How to filter bot traffic from Marfeel

Marfeel supports discarding bot and synthetic traffic created by good citizen bots that identify themselves via a user agent.

How to validate the source of an IP

When identifying the source of an IP address, you can determine whether it belongs to an ISP or a hosting/cloud provider (where bots are typically hosted) by using:

Command line tools like whois and host
Equivalent web tools such as DomainTools and IPLocation

Check the Organization field. Names like AWS, Hetzner, OVH indicate the IP is likely assigned to a server, suggesting a bot. If the organization is an ISP like AT&T, O2, Vodafone, or Orange, the requests are more likely from real users.

Once you have identified the offending IPs, blacklist them using one of the solutions below.

How can websites manage bot traffic?

Several tools and strategies help mitigate abusive bot traffic:

robots.txt: The first step is including a robots.txt file. This file provides instructions for bots crawling the page and can be configured to prevent bots from visiting or interacting with a webpage. Only good bots will respect robots.txt; it will not stop malicious bots.
Bot management solutions: The most effective way to stop bad bot traffic is with a bot management solution that uses behavioral analysis to block malicious bots before they reach a website. Options include Cloudflare Bot Management, Datadome Bot Protection, Fastly Bot Management, and AWS WAF.
Rate limiting: A rate limiting (alternative) solution can detect and prevent bot traffic from a single IP address, though this still overlooks some malicious bot traffic.
CAPTCHA with bot detection: Deploying CAPTCHA challenges with bot detection mechanisms differentiates human users from bots. Options include Google reCAPTCHA and Datadome CAPTCHA.
Web Application Firewalls (WAFs): WAFs inspect incoming traffic and filter out suspicious requests. They block known bot IP addresses and patterns, reducing bot-related incidents. WAF functionality is available through CDN providers (Cloudflare WAF, Fastly WAF) or as an external module for web servers.
Traffic pattern monitoring: Regularly monitoring traffic patterns helps identify unusual spikes or suspicious activity. A Marfeel Operator can analyze a site’s traffic and identify suspicious network requests, providing a list of IP addresses to block with a WAF. This is a labor-intensive process and still only stops a portion of malicious bot traffic.

How can bot traffic be identified in analytics?

Bot traffic shows distinctive analytics anomalies: sawtooth wave patterns from scheduled requests, sudden spikes from a single traffic source (especially Direct), unexpected traffic from regions unlikely to speak the site’s language, abnormally high pageviews, and unusually high or low session durations.
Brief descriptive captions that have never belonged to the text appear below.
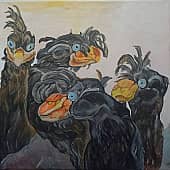 Охотоморские пацаны(четверо)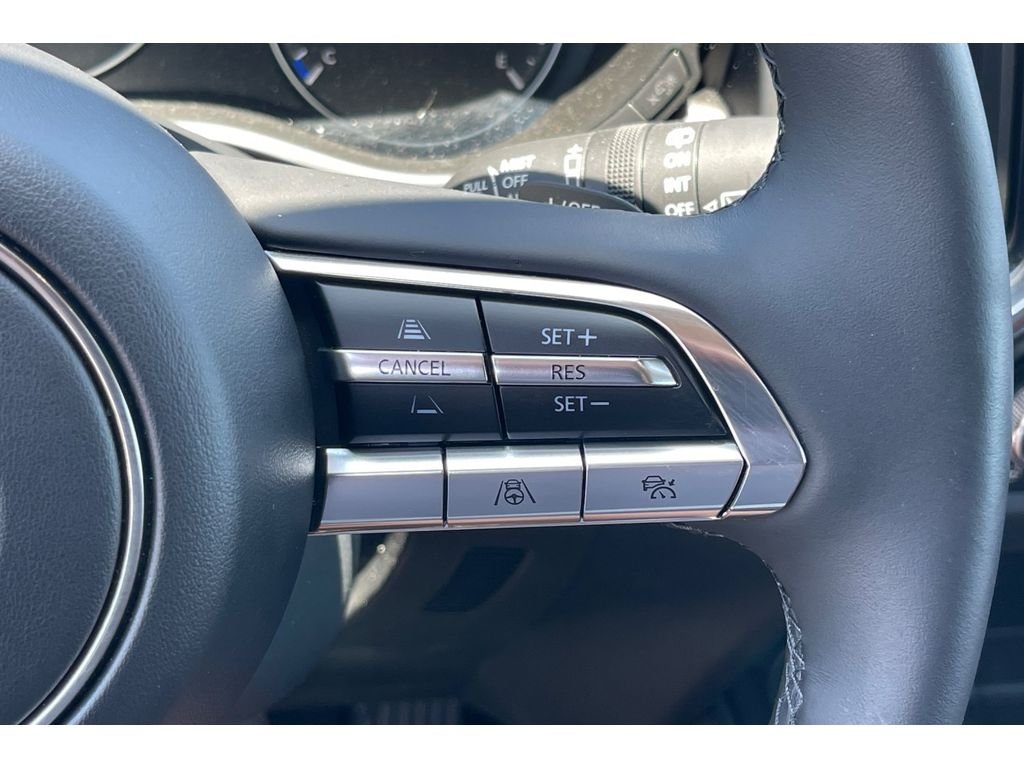 Certified Used 2025 Polymetal Gray Metallic Mazda 2.5 Turbo Premium Plus Package image 36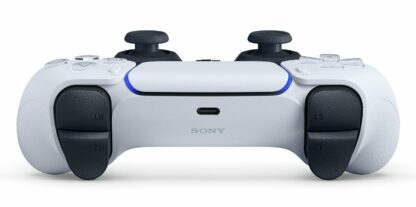 White DualSense Wireless Controller (PS5) Image 4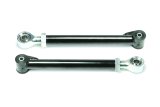 Fabtech 07-18 Jeep JK 4WD Short Control Arm Rear Lower Links w/5 Ton Joints - Pair thumbnail 1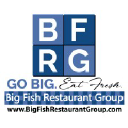 Big Fish Restaurant Group logo
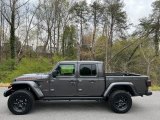 2022 Granite Crystal Metallic Jeep Gladiator Mojave 4x4 #144026430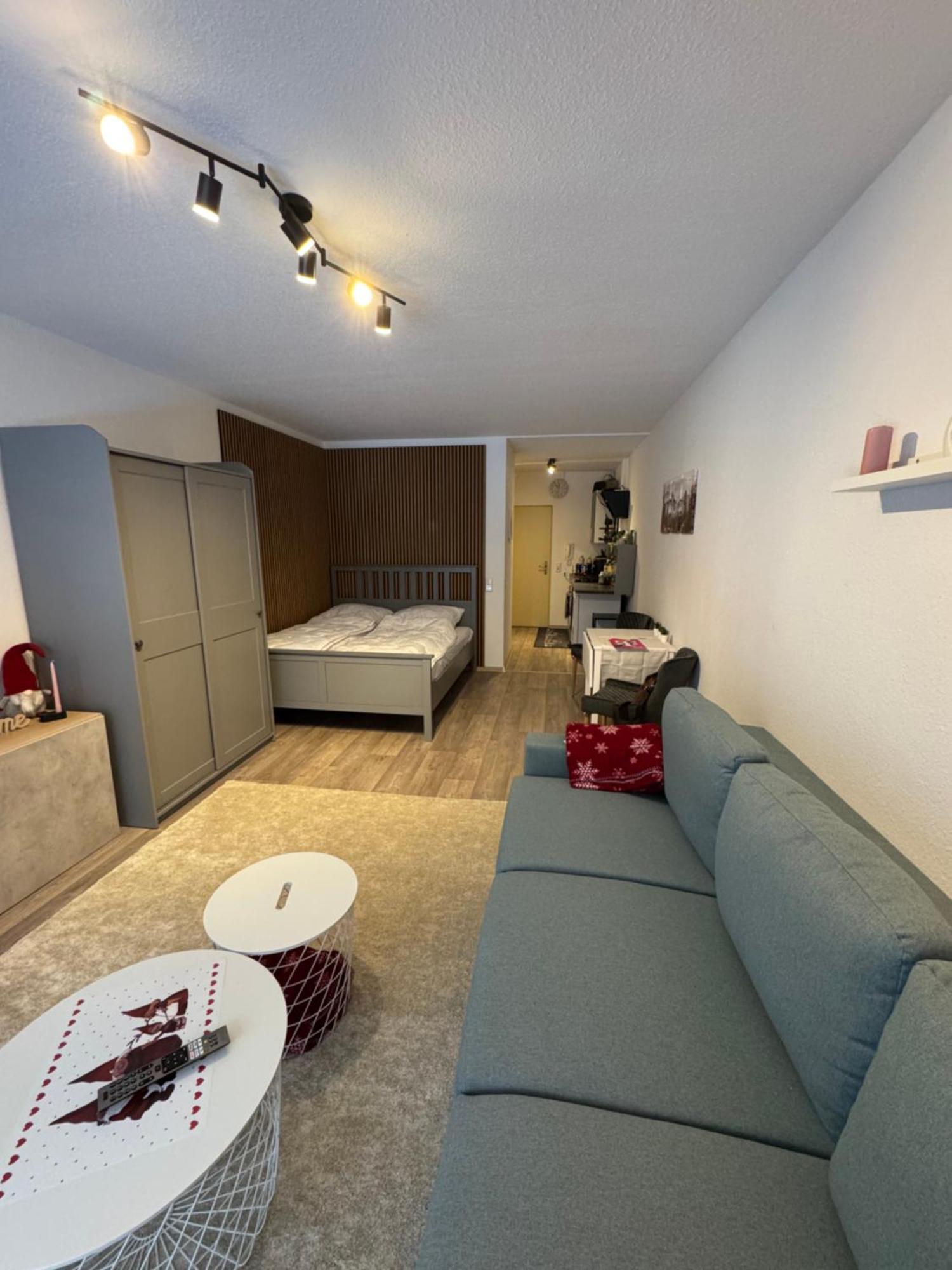 Apartment Maja Unmittelbar An Der Skipiste Winterberg Dış mekan fotoğraf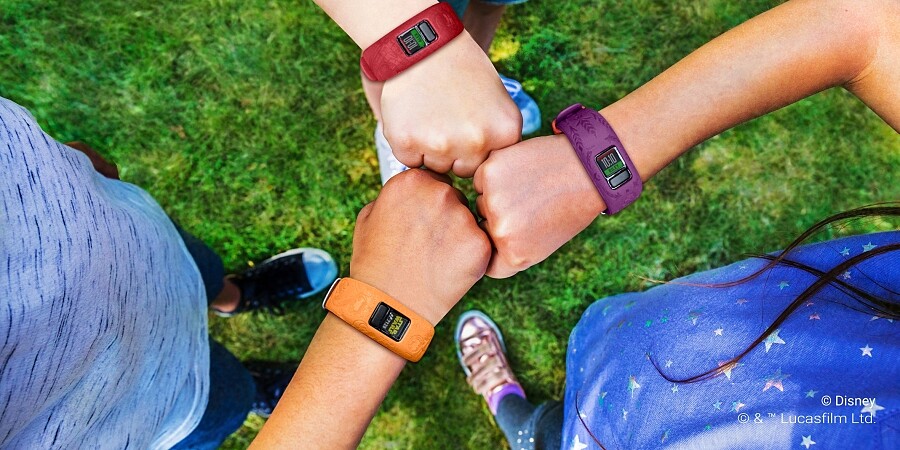 能戴上Garmin體驗、獲取虛擬金幣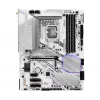Emaplaat ASRock Z890 Pro RS WiFi White Intel Z890 LGA 1851 ATX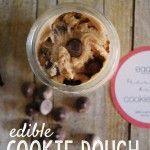 edible cookie dough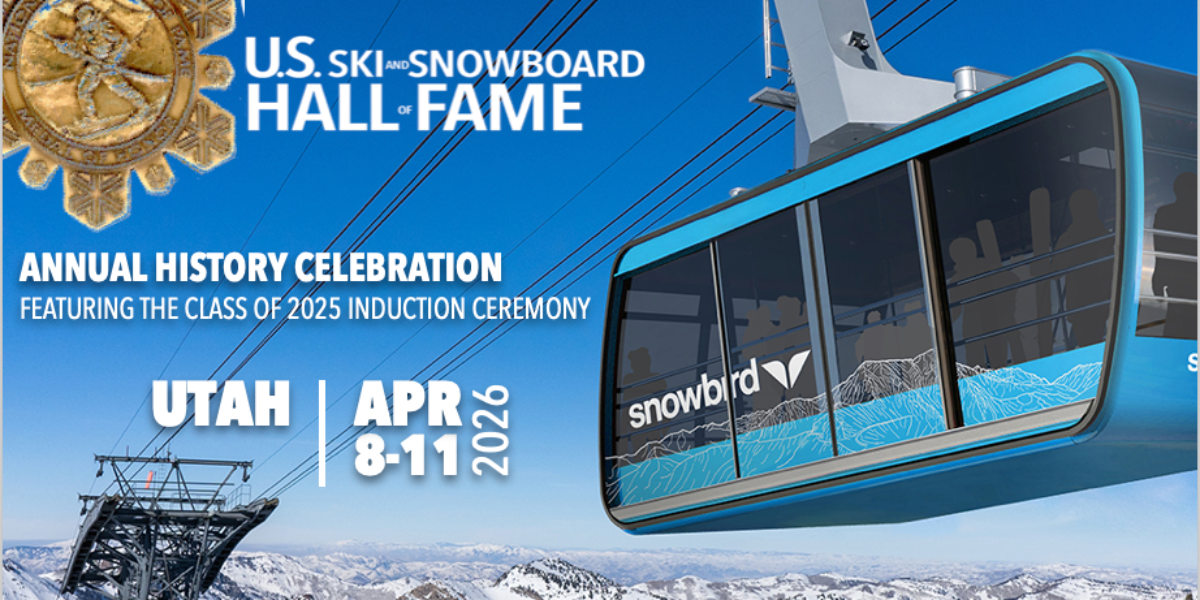 U.S. Ski and Snowboard Hall of Fame Announces Class of 2025 Induction at Snowbird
How does bot traffic hurt website analytics?

Unauthorized bot traffic distorts key metrics including page views, bounce rate, session duration, geolocation data, and conversions. This statistical noise makes it difficult to measure real site performance and undermines efforts like A/B testing and conversion rate optimization.

What are the best ways to stop bot traffic?

Effective strategies include configuring a robots.txt file, deploying a bot management solution (Cloudflare, Datadome, Fastly, or AWS WAF), applying rate limiting by IP address, implementing CAPTCHA with bot detection, using a Web Application Firewall, and monitoring traffic patterns to identify and block offending IPs.